Tuesday, September 17, 2024

How did the carbon tax become such poisonous politics in Canada

How did the carbon tax become such poisonous politics in Canada? There was a time when it was quite the popular idea. Most Canadians apparently STILL want out governments to do something about climate change, but they don't seem to like the idea that it will cost them money.

The latest development on this front is that the NDP - once the strongest supporter of climate action, including a carbon tax - has decided that support for a Canadian climate tax is no longer politically palatable, and should be done away with. They still want to do SOMETHING to combat climate change, they're just not sure what yet. This is coming from the federal NDP (which seems to have completely lost its way under Jagmeet Singh), and the BC NDP under David Eby (likewise). (BC, under its then Liberal government, established Canada's first ever carbon tax back in 2008, and it has been quite successful ever since. Wab Kinew, Manitoba's new NDP premier has also made it clear he would like to see the carbon tax gone. 

(The Conservatives have never made any pretence about caring about climate change, so they are not relevant to this particular conversation.)

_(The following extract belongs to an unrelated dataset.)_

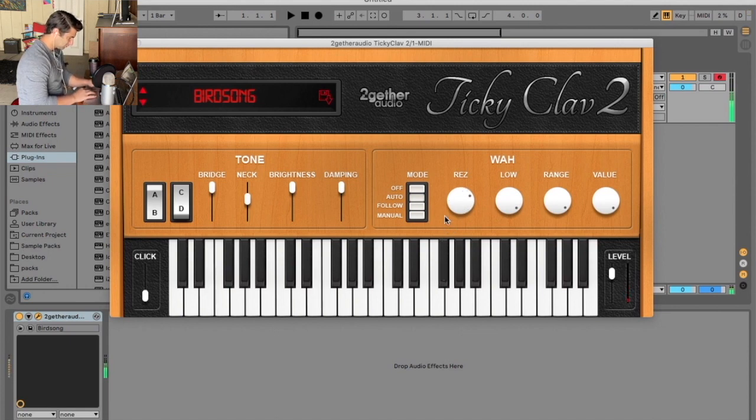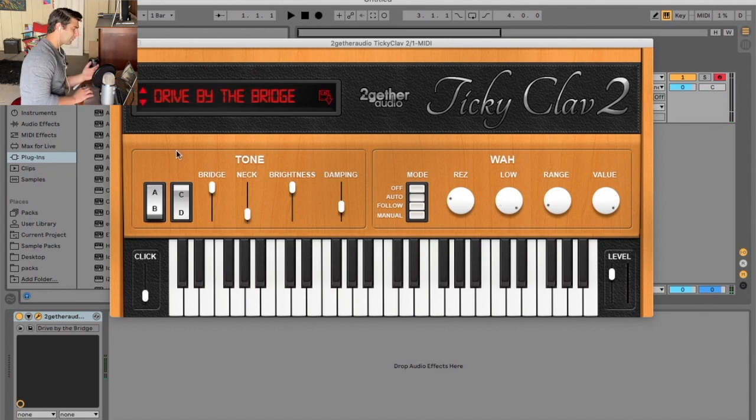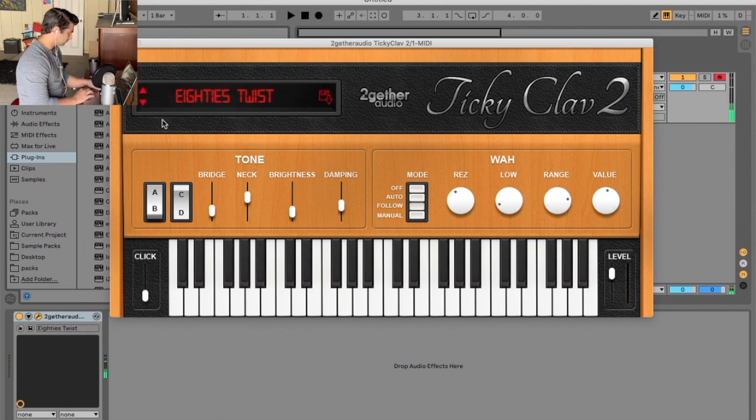Let's do this at super high res on this one. You can get that super funky sound — almost like ghetto funk, future funk, any kind of funk, or even jazz. Just clicking around, I like that one — pretty cool.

So, how did this turnaround happen?

Tony Keller in the Globe and Mail has a theory, and it seems as good as any. Essentially, it boils down to transparency and visibility. The carbon tax is relatively visible: you can SEE the price of gas increase as the tax increases. This should be a good thing, you would think. Indeed, that is the whole point of a carbon tax: people need to see the real cost of their oil and gas fixation, otherwise they will never change their behaviour. But it turns out that people don't like to actually see things costing them more, and this seems to apply even when they are receiving a (poorly publicized) rebate to offset those higher costs.

Interestingly, Quebec - which has the only cap-and-trade system in Canada, rather than a consumer carbon tax - is just about the only province where people are not complaining. Their prices are still higher as a result of their particular climate change solution (and they don't even receive a government rebate), but it's not so clear and obvious. Ignorance is bliss, I guess?

So, faced with the prospect of voter unrest, this new generation of politicians chooses pragmatism over principle, abandoning long-held beliefs in the forlorn hope of earning a few more votes. (But who is going to respect a party that bends and sways in whatever political breeze happens to be blowing?) To their credit, the Liberals are the only major party - sorry, Green Party! - that seems willing to stick to their principles, come what may, and look where that has left them!

So, rather than choosing a more fuel-efficient car as the price of carbon increases, it seems people are more likely to look to a different government instead, a less pro-carbon tax one that will save them a few bucks here and there. Or not: they don't seem to understand that, without a carbon tax, they will also have to forego their countervailing quarterly rebate.

And the Conservatives, and now the NDP, seem willing to humour them in their delusion. Neither party has yet offered a viable and effective alternative to putting a price on carbon, but that doesn't seem to worry them. They are way too busy fixating on power, and how to get it. They are so anxious to be seen to be pandering to their core constituency that they are willing to sell their soul in the process.

There is no pain-free, cost-free way of reducing greenhouse gas emissions, but the carbon tax we have is the closest thing to that. And if Mr. Singh is concerned that "working people" (what ever he means by that) are bearing too much of the burden of it, he is wrong and should know better: low-income households are net beneficiaries of the carbon tax and its related rebate, and it is higher-income households that, because of their lifestyle, actually do bear a net cost.